Daarin komt nu verandering. Er ligt sinds kort een nieuwe cao voor werknemers met een afstand tot de arbeidsmarkt die via gemeenten worden gedetacheerd naar lokale bedrijven, bijvoorbeeld in de groenvoorziening en schoonmaak. Bij die cao hoort een pensioenregeling, die bij PWRI is ondergebracht. Den Uyl is blij met de verwachte nieuwe deelnemers. “Groei en verjonging helpen ons als fonds om ook in de toekomst bestaansrecht te houden en te zorgen voor een goed pensioen voor een groep mensen die dat hard nodig heeft.”

 

Wat is er bijzonder aan een pensioenvoorziening voor mensen met een afstand tot de arbeidsmarkt?

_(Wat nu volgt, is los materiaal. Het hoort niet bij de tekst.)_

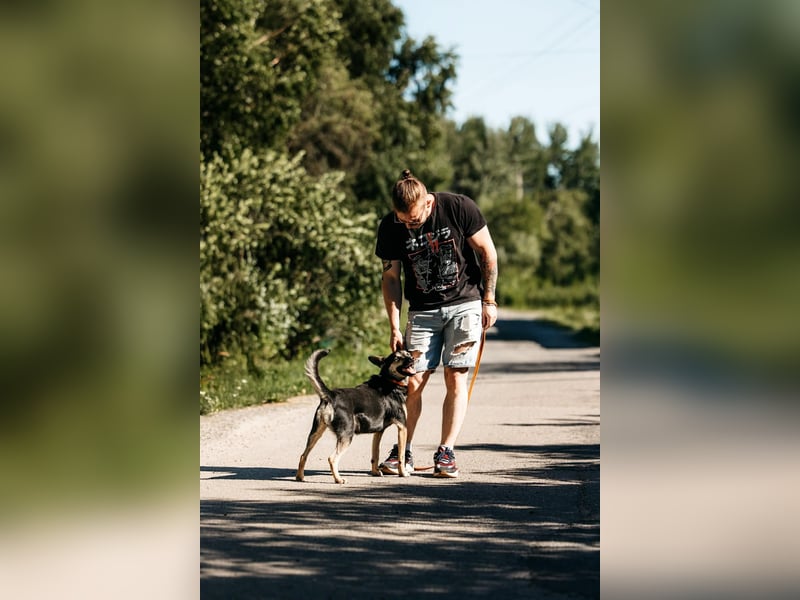 Fröhlicher Sharik sucht seine Menschen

“Sommige van onze deelnemers zijn heel goed in staat om voor zichzelf op te komen, maar veel anderen hebben behoefte aan ondersteuning in hun leven en werk. De zekerheid van een goed pensioen is voor deze groep heel belangrijk. Het gaat vaak om mensen met een laag inkomen: het minimumloon of iets daarboven. Onze pensioenregeling kent dan ook een lage franchise, zodat mensen sneller pensioen over hun salaris opbouwen.”

 

Hoe belangrijk is indexeren, nu inflatie dreigt en mensen voor hun pensioeneuro minder kunnen kopen?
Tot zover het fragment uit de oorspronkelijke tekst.